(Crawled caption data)

····················

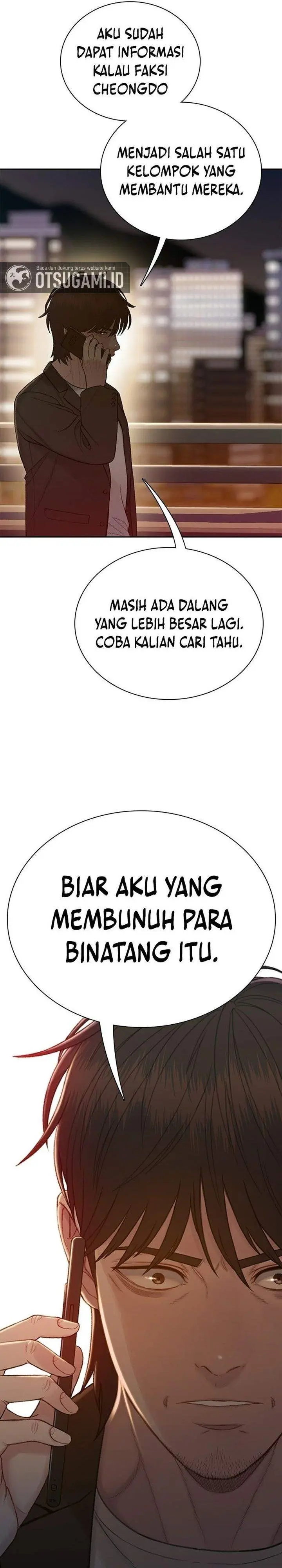 image-komik-the-very-end-chapter-14-13/39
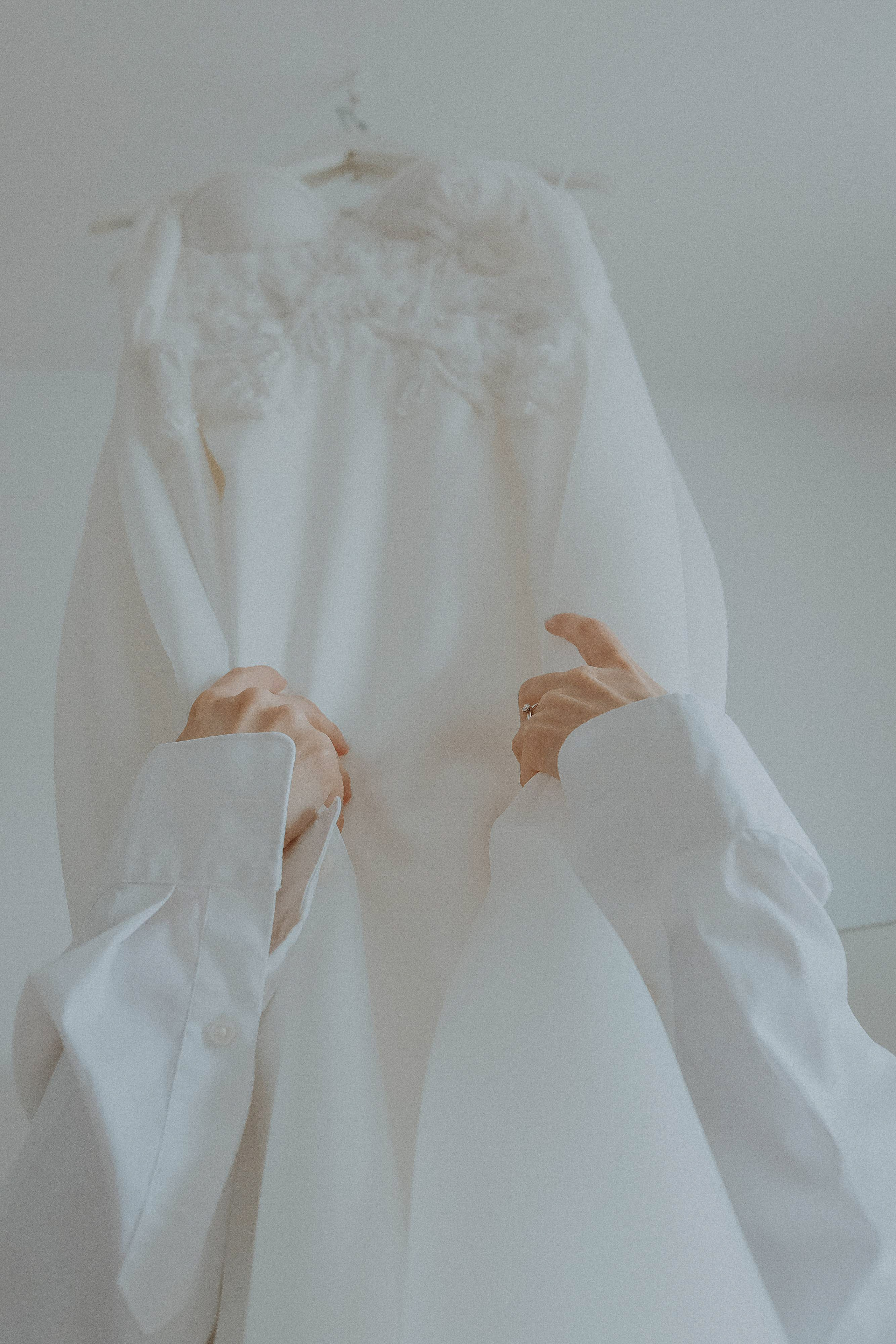 Andreea + Liviu. Hornetart
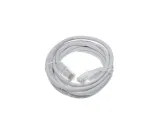 adapter-sieciowy-tl-pa7017p-tp-link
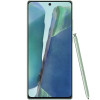 Samsung Galaxy Note 20 8/256 Mystic Green в рассрочку без первоначального взноса и переплат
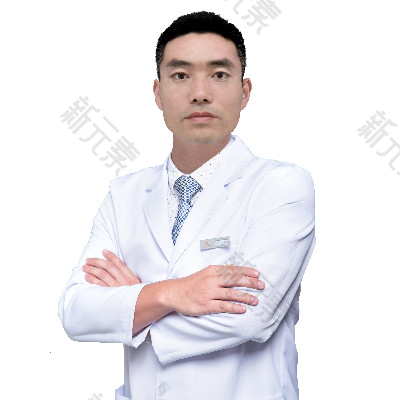 陈卫东 头像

····················

Except for the pictures, set down each line of the records exactly as it appears.

 image-komik-the-very-end-chapter-14-13/39
 Andreea + Liviu. Hornetart
 adapter-sieciowy-tl-pa7017p-tp-link
 Samsung Galaxy Note 20 8/256 Mystic Green в рассрочку без первоначального взноса и переплат
 陈卫东 头像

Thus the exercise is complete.